Public testimony and stakeholder concerns
Nancy Stewart of the Federation of Manufactured Homeowners of Florida said the bill's mobile-home provisions will "have a positive effect on the amount of money that can be collected from mobile homeowners in order to pay the park's ad valorem tax bill every year."
Representing the Florida Chamber of Commerce, French Brown urged caution on the committee's approach to corporate "piggyback" or decoupling from recent federal tax changes, warning that full retroactive decoupling would "create an administrative burden on businesses" by requiring separate Florida books and records and could reduce certain federal benefits for Florida companies.

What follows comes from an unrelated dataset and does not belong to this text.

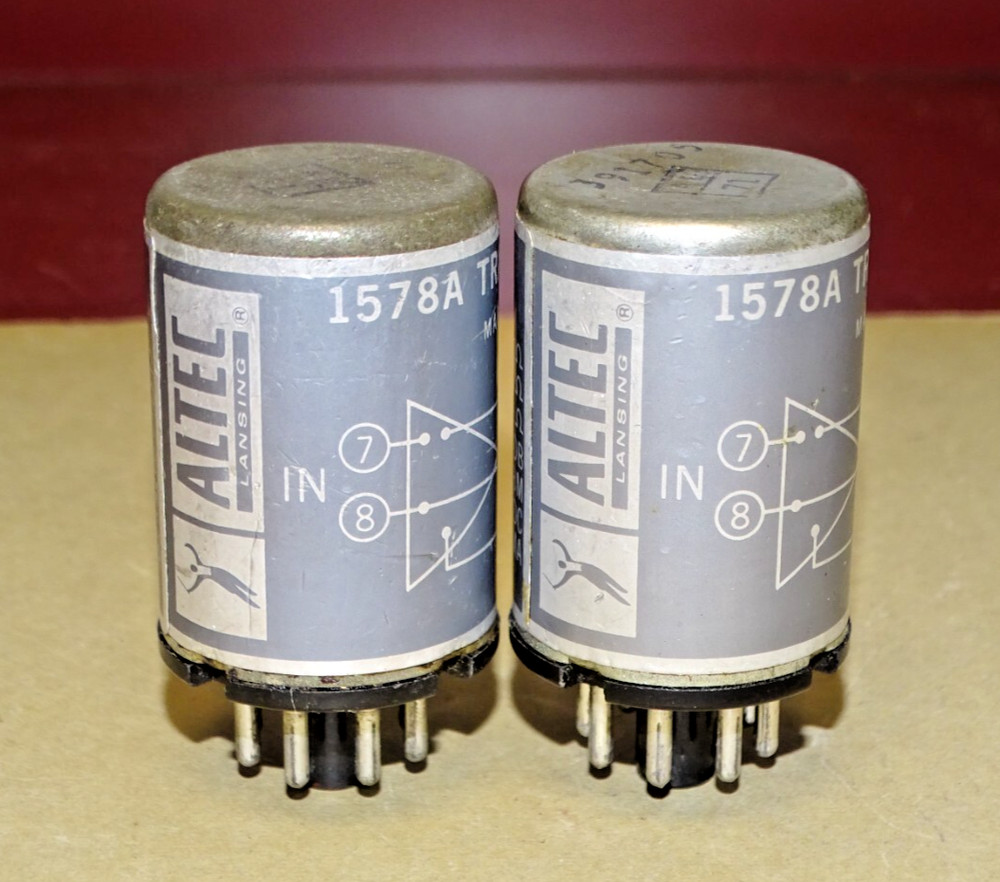 Pair, Altec Model 1578A Plug-In Transistor Preamplifiers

Dale Calhoun of the Florida Propane Gas Association thanked the committee for including propane under the gas-can exemption, saying it would help Floridians preparing for hurricanes. Jeff Skow of the Florida Association of Counties praised disclosure provisions for homebuyers and urged more clarity on potential ad valorem and local-millage impacts.
Numbers discussed
Committee members and staff cited several fiscal figures during questions: committee staff identified a $6,000,000 cost over three years for the promissory-note excise-tax exemption extended to alarm-system contractors; Duggan said full, retroactive implementation of five federal silos could be roughly $3.1 billion by the committee's estimate (the chair discussed limiting recurring impacts by making many changes time-limited). One committee member summarized the package's total tax cuts at about $251,000,000 over the period discussed.
Debate and member positions
Members offered mostly positive or mixed reviews: Rep. Hart Lohman welcomed a longer back-to-school shopping window for parents; Rep. Bankson thanked the chair for Space Coast incentives; Rep. Eskamani said she supported many parts of the package while opposing some firearm-related tax breaks and defended the committee's decision to decouple from certain federal corporate tax changes as fiscally prudent.
Vote and next steps
The committee recorded a roll-call vote of 19 yays, 0 nays and "show the bill reported favorably." The chair said the package will proceed to conference with the Senate, and the committee adjourned.
Votes at a glance
- PCB WMC 26-01 (2026 tax package): reported favorably, roll call 19-0.
What happens next
The bill was reported favorably by the House Ways and Means Committee and will proceed to conference negotiations with the Senate as the Legislature continues to reconcile House and Senate tax proposals.
(Reporting based on the committee's Feb. 26, 2026 hearing; quotes and votes are drawn from committee proceedings.)